Re: More then 1600 columns?

From: Dann Corbit <DCorbit(at)connx(dot)com>
To: "'Clark C(dot) Evans'" <cce(at)clarkevans(dot)com>, Mark Mitchell<mmitchell(at)riccagroup(dot)com>, 'Tom Lane' <tgl(at)sss(dot)pgh(dot)pa(dot)us>
Cc: "pgsql-general(at)postgresql(dot)org" <pgsql-general(at)postgresql(dot)org>
Subject: Re: More then 1600 columns?
Date: 2010-11-12 21:10:41
Message-ID: 87F42982BF2B434F831FCEF4C45FC33E4207CA38@EXCHANGE.corporate.connx.com (view raw or flat)
Thread:
Lists: pgsql-general
> -----Original Message-----
> From: pgsql-general-owner(at)postgresql(dot)org [mailto:pgsql-general-
> owner(at)postgresql(dot)org] On Behalf Of Clark C. Evans
> Sent: Friday, November 12, 2010 12:25 PM
> To: Mark Mitchell; 'Tom Lane'
> Cc: pgsql-general(at)postgresql(dot)org
> Subject: Re: [GENERAL] More then 1600 columns?
> 
> On Fri, 12 Nov 2010, Tom Lane wrote:
> > Generally, wanting more than a few dozen columns is a
> > good sign that you need to rethink your schema design.
> > What are you trying to accomplish exactly?
> 
> Generally speaking, yes.  However, survey instruments are a
> very legitimate design where this is not only correct, but
> quite desirable.  Sure -- in an ideal world you might be
> able to turn your instrument into something that is a highly
> normalized structure. However, it's simply not practical.

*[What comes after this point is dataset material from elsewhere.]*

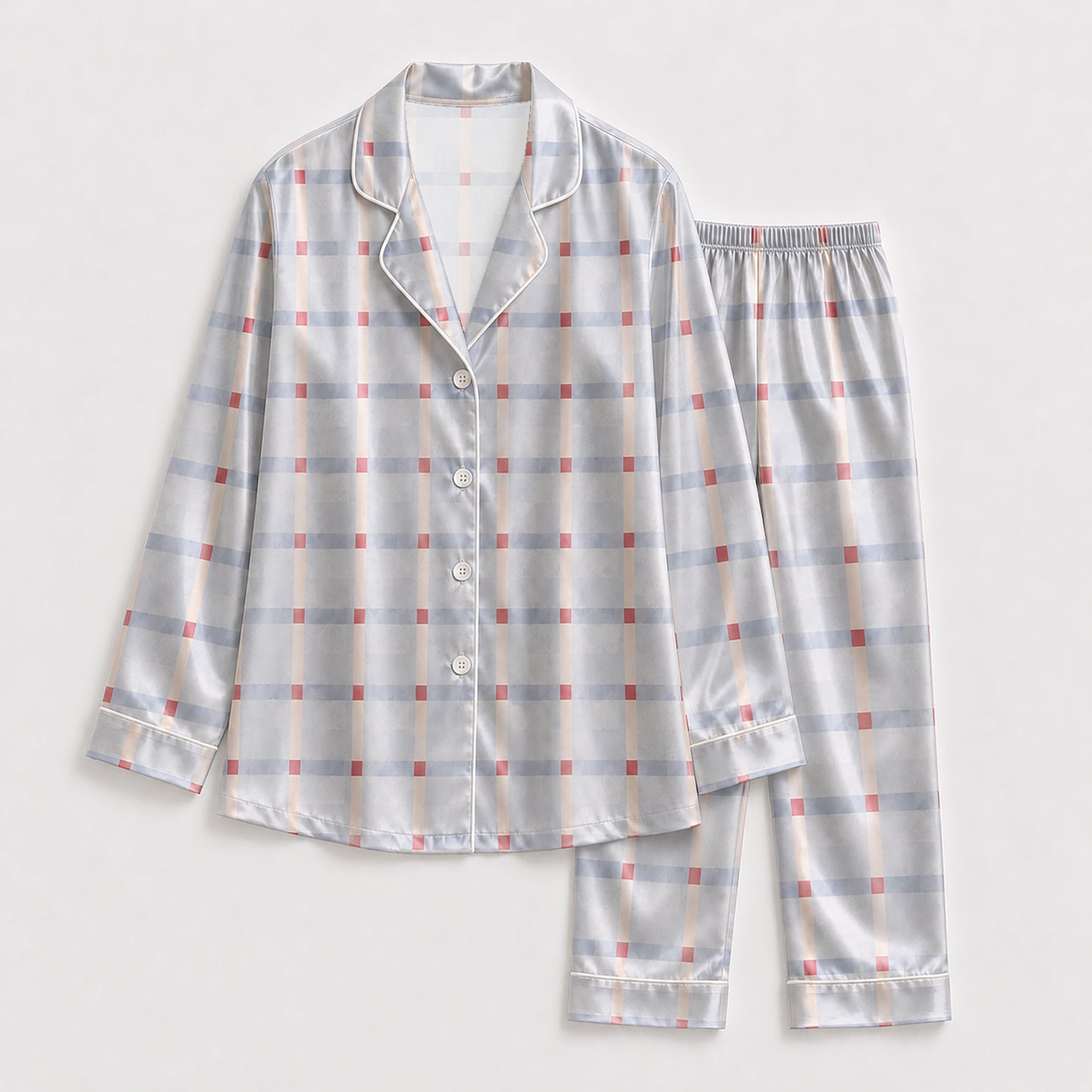 PJ-151-Unisex Satin Pajama Set with Blue Plaid Print Button Down Sleepwear Shirt and Pants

Two tables with a foreign key is not practical?
 
> PostgreSQL absolutely should look into supporting this.  While
> the storage may not be ideal, it is an increasingly common case.
> Perhaps the storage engine could permit a set of columns to be
> tagged for ``sparse column storage``?

Reminds me of a quote from the movie Pinocchio:
"Give a boy enough rope and he'll hang himself."
Is a fundamental design change for the purpose of allowing massive denormalization really a good idea?
 
> On Fri, 12 Nov 2010, Mark Michell wrote:
> > Yes I understand that this is "bad design" but what we are doing is
> > storing each form field in a survey in its own column. For very long
> > surveys we end up with thousands of elements.
> 
> It's *not* necessarily bad design.  If you've got a survey
> instrument that has 1000 unique data points, it is a reasonable
> thing to do.  We (Prometheus Research) have these sorts of
> things all the times.
> 
> #1  You want to store and query them based on specific fields.

Use a join

> #2  You want to enforce the data integrity of each column
>     by using types, enums and other techniques.

Non-sequiter
 
> #3  You want to integrate this structure with the other
>     aspects of your database.

Foreign keys
 
> > I know storing in an array is possible but it makes it
> > so much easier to query the data set when each element
> > is in its own field.  comments on why I should not do this
> 
> Using HSTORE or using an EAV table completely undermines
> the ability to ensure column-level typing, constraints,
> and... use SQL.  With arrays / EAV table structure, you
> end up having to re-invent your query language. It is a
> non-solution.
> 
> > the possible alternatives
> 
> The work-around we use is to break our instrument into
> one table per ``section``.  We also save each section as the
> user completes that part of the instrument.  This has the
> advantage of allowing you to model repeating sections.  We
> typically enforce column uniqueness across all sections.
> This requires your application and query tool to be a bit
> smart about making a virtual table with all 1000+ columns.
> Kinda sucks, but it works.
> 
> ...
> 
> I guess the other option is to look at a RDF data store where
> you use SPARQL to query the data.  OpenJena SDB is implemented
> as a 3-table storage in PostgreSQL if you wish to keep the same
> database for both your assessment storage and other tables. I'm
> not lovin' this option, but it's on the table for our company.
> 
> Instead, I'd absolutely love to see PostgreSQL add a variant
> scalar type (for when the type of a column changes over the
> lifetime of the instrument) and a column storage for Nth+
> and additional columns.  For now, the work-around above sort
> of works for us.

Sometimes it is a good idea to denormalize.  For instance, performance might improve if you put bill_to_address and ship_to_address in the customer record instead of joining against an address table.  But if you have thousands of different child types, it is a good idea to ask yourself about the value of denormalization verses the cost.  There is a reason that BCNF was invented in 1974.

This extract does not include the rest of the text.